Tel que le mentionne Alain Fuchs, président du CNRS, dans son appel du 18/12/2015 aux chercheurs, l’ampleur du traumatisme causé par les attentats nous force à chercher des solutions nouvelles…
Mémoire vive
Une tentative en ce sens émane de l’ambitieux projet Paris mémoire vive, financé par les fondations de l’AP-HP et de MSD Avenir. Paris MEM a offert dans 12 hôpitaux de Paris et 4 hôpitaux de province, dont Nice, une formation éclair sur la thérapie dite du blocage de la reconsolidation (6). Cette thérapie translationnelle validée empiriquement (7,8) se base sur l’observation qu’un souvenir remémoré doit être consolidé de nouveau afin de persister (9,10). Une interférence durant le processus de reconsolidation du souvenir, avec une dose de propranolol par exemple, affaiblira sa dimension émotionnelle, tout en laissant intact sa dimension épisodique. Concrètement, ce traitement consiste à se remémorer brièvement son trauma selon un protocole de réactivation établi, sous propranolol, à raison d’une fois/semaine pendant six semaines ; le bêtabloquant n’est prescrit que 60 minutes avant la séance qui se trouve ainsi chimiofacilitée.
Relever une communauté
Les avantages de ce traitement innovant sont substantiels. Tout d’abord, l’intervention ne requiert pas de maîtriser de techniques psychologiques complexes comme la restructuration cognitive ou l’interprétation du symptôme. Le propranolol, un vieux médicament, ne coûte que quelques centimes d’euros. Ses effets secondaires et ses contre-indications sont peu nombreux et bien établis. En outre, le blocage de la reconsolidation peut être utilisé comme traitement principal ou comme adjuvant ; ainsi, il ne requiert pas de la part du clinicien formé à une approche (psychanalyse, TCC) de renoncer à celle-ci.

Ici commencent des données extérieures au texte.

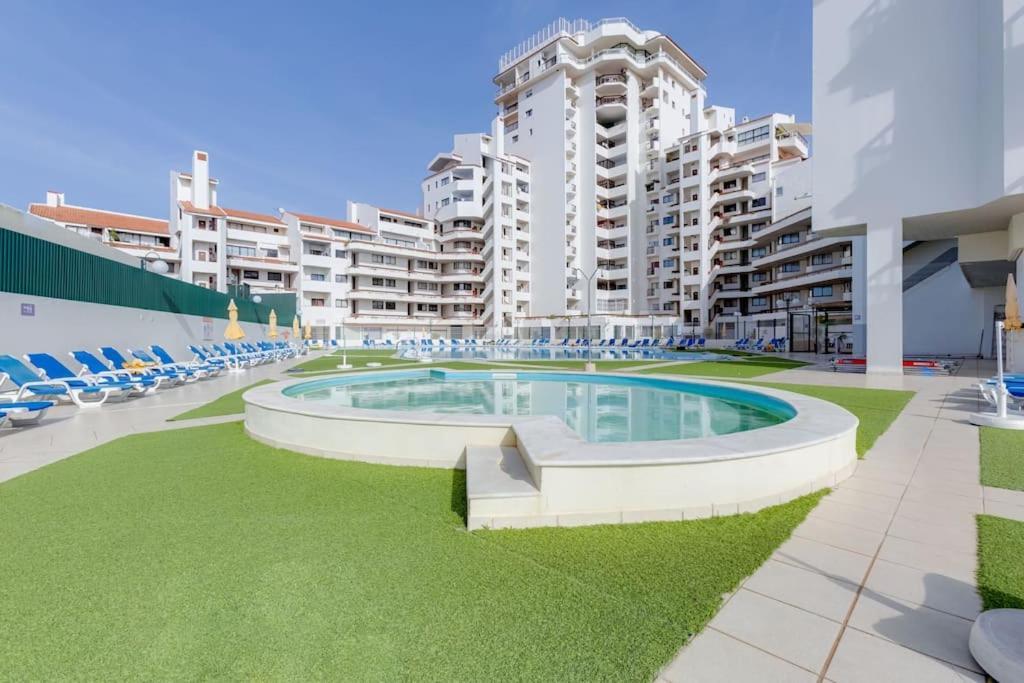 Magna - Com Ac, Renovado 4 Com Vista Piscina Em Apartment Albufeira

Il semble que le blocage de la reconsolidation constitue le chaînon manquant entre l’intervention post-immédiate des CUMPS et une prise en charge au long cours (psychothérapique ou pharmacologique) destinée aux seuls cas de stress post-traumatique les plus réfractaires ?
Paris MEM cherche à démontrer qu’il est désormais possible de former, puis de traiter les séquelles psychotraumatiques d’une grande quantité de gens suite à une catastrophe de masse afin d’aider toute une communauté à se relever rapidement. À terme, les données amassées dans le cadre de ce projet, comparées à une intervention classique, informeront de la pertinence de cette intervention innovante de première ligne.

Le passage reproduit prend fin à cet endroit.